Residency should be flexible in adoption of adult child
Judicial discretion should be exercised if someone wants to adopt an adult child from another jurisdiction, says Ottawa family lawyer and civil litigator Timothy N. Sullivan.
So when Justice Bruce E. Pugsley said he could not grant an adoption order of a step-daughter because the intended step-father, a 71-year-old man, lived in Newfoundland and not Ontario, the law was followed but “justice might not have necessarily been done,” Sullivan says.
“There is a pride of place in saying, ‘That’s my dad,’” says Sullivan, who comments generally and is not involved in the case. “The intended step-daughter can say that, but it’s not recognized in law until she’s adopted legally.”
The result, Sullivan says, is the 48-year-old woman in Re G. (K.A.), 2015 ONCJ 615 (CanLII) who had fostered a relationship with her mother’s husband, may have problems in the future if there is no will or one is invalid.
“The legal effect of an adoption is minimal but it’s still not zero,” he says. “She won’t be accorded the benefit of being the de facto child of that prospective father or on a Family Law Act claim, for example.”
The court ruled it had no jurisdiction on the matter because of the firm wording of the Child and Family Services Act, the judge wrote in his decision.
“The difficulty faced by the parties here however is not on the merits per se but rather whether the court has any jurisdiction to make the adoption order here at all,” Pugsley wrote.
The act identifies a residency requirement that the court “shall not make an order under this section for the adoption of, or on the application of, a person who is not a resident of Ontario.”
While the applicant used to live in Ontario, and still visits on occasion, he no longer lives there, he says.
“The court is therefore prohibited by the mandatory wording of subsection 146 (5) of the Act from making an adoption order here, even if such an order passed muster on the merits.”
Sullivan says while he admires when judges interpret a literal reading of the law, it didn’t make sense in this case.
“It’s unfortunate the court could not have recognized him as an Ontario resident,” Sullivan says.
Sullivan compares the case to Roberts v Bedard, 2015 ONSC 7918 (CanLII), when the court recognized the father to be a resident of Ontario, even though he had property in Quebec.
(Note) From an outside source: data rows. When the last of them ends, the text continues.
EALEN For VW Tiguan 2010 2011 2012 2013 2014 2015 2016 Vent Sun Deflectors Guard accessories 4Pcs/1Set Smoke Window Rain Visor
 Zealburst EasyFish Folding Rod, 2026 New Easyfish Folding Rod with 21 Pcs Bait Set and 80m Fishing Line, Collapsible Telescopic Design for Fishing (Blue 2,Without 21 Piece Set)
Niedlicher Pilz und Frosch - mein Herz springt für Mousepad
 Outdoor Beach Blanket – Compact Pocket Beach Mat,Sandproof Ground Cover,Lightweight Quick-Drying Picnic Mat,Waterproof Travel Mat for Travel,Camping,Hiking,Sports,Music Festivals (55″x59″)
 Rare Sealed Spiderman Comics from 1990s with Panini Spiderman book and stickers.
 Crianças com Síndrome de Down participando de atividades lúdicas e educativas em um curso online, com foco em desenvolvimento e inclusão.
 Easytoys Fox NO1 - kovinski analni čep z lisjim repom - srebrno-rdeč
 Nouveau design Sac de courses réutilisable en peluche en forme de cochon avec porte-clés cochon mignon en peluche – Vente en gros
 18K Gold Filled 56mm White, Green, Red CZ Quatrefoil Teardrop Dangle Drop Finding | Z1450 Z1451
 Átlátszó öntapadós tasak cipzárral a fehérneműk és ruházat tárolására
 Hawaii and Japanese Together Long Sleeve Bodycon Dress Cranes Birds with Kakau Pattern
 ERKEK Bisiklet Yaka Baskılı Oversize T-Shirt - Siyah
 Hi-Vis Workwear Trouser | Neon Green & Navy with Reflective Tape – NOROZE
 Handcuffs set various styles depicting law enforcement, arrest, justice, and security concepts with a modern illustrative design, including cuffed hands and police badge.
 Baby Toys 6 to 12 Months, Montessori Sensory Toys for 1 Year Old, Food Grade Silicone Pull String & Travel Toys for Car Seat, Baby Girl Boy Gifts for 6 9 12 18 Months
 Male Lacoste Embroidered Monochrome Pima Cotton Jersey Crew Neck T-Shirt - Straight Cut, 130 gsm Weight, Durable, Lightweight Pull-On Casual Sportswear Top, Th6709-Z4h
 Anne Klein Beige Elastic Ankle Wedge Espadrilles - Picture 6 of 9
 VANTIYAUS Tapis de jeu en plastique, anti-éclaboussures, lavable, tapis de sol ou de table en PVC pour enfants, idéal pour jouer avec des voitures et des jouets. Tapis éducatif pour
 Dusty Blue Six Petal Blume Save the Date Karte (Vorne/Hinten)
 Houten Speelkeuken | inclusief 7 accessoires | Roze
In most matters touching on children, such as custody and access, jurisdiction rests where the child is resident, Sullivan points out.
“The court found in Roberts that he was a resident for the purposes of varying child support. It worked for the obligation of paying child support according to Ontario law because he occasionally spent time here.”
“The best way for the father to protect his relationship with the adult woman is to identify the relationship in a properly executed will,” Sullivan says.
“He can give whatever he wants to whomever he wants, but if he doesn’t have a will, there is a statutory regime to distribute property so his intended adoptive daughter might be excluded from the distribution.”